AS ORIGENS DE ACORDO COM O CALENDÁRIO KÔNGO
Por Patrício Cipriano Mampuya Batsikama
Tentaremos restabelecer agora o calendário antigo kôngo e, a partir dele, problematizar a datação da fundação do reino do Kôngo.
Partir-se-á do pressuposto de que a “fundação do reino do Kôngo” seria uma obra de 27 heróis civilizadores cujos “traços civilizadores” constituem os fundamentos essenciais que precederam a
existência de um poder centralizado no actual Mbânza-Kôngo. O 27º herói civilizador seria o primeiro rei de todo o país, aquele que é chamado Mutino/Ntinu’a Lukeni, por um lado. Por outro,
dizermos desde
já que o espaço temporal que separa este rei de outro rei, Dom João Nzîng’a Nkuwu Mani Kôngo, cnstitui um debate ainda aberto.
É de conhecimento geral que:
- Domingo significa “dia do Senhor”. Dedicado ao Sol, este sendo aqui uma representação simbólica do Senhor. O sol faz desaparecer as trevas associadas ao medo e à angústia.
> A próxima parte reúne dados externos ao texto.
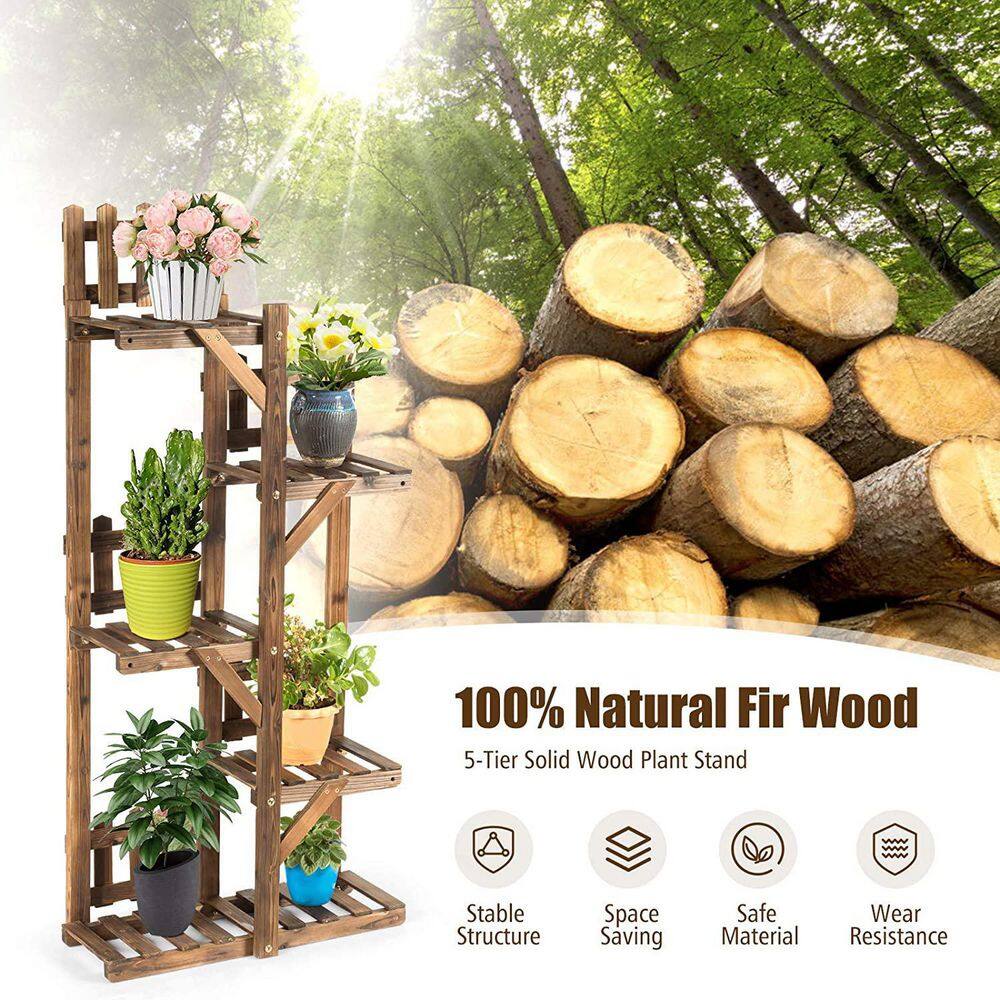 5-Tier Dark Brown Solid Fir Wood Plant Stand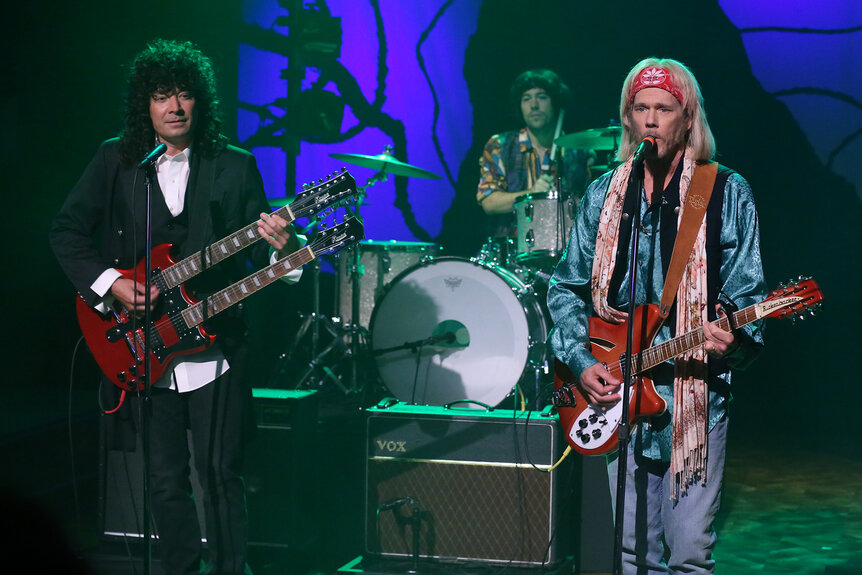 Kevin Bacon and Jimmy Fallon perform on stage on The Tonight Show Starring Jimmy Fallon Season 3 Episode 199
Por essa razão o povo
primitivo quase sempre assimilou Deus ao Sol.
- Segunda-feira é associada ao dia da lua, considerada muitas vezes como fonte da maternidade, que por sequência astronómica vem depois do Sol.
- Terça-feira é o dia de Marte. Na mitologia grega e latina, Marte era símbolo de força/resistência: era o senhor da guerra e, por conseguinte, essência na constituição da nação. Por sua
importância, o terceiro mês do ano do calendário romano ser-lhe-á também dedicado.
- Quarta-feira é o dia de Mercúrio, deus do comércio, dos viajantes e dos... ladrões! Mensageiro de Júpiter, protegeria os comerciantes e seus negócios.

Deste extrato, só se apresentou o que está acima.